Items listed in a dataset
---+---

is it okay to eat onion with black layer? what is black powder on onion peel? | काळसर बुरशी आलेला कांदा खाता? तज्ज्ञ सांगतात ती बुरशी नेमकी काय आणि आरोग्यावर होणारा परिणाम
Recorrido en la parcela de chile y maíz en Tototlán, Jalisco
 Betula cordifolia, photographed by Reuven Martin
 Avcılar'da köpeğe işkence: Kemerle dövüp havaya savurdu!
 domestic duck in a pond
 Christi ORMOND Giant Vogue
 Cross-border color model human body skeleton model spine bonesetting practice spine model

---+---

TASK DIRECTIONS> Search the data for "Recorrido en la". Beginning with that line, set down every line through the last exactly.

RESPONSE BOX>
Recorrido en la parcela de chile y maíz en Tototlán, Jalisco
 Betula cordifolia, photographed by Reuven Martin
 Avcılar'da köpeğe işkence: Kemerle dövüp havaya savurdu!
 domestic duck in a pond
 Christi ORMOND Giant Vogue
 Cross-border color model human body skeleton model spine bonesetting practice spine model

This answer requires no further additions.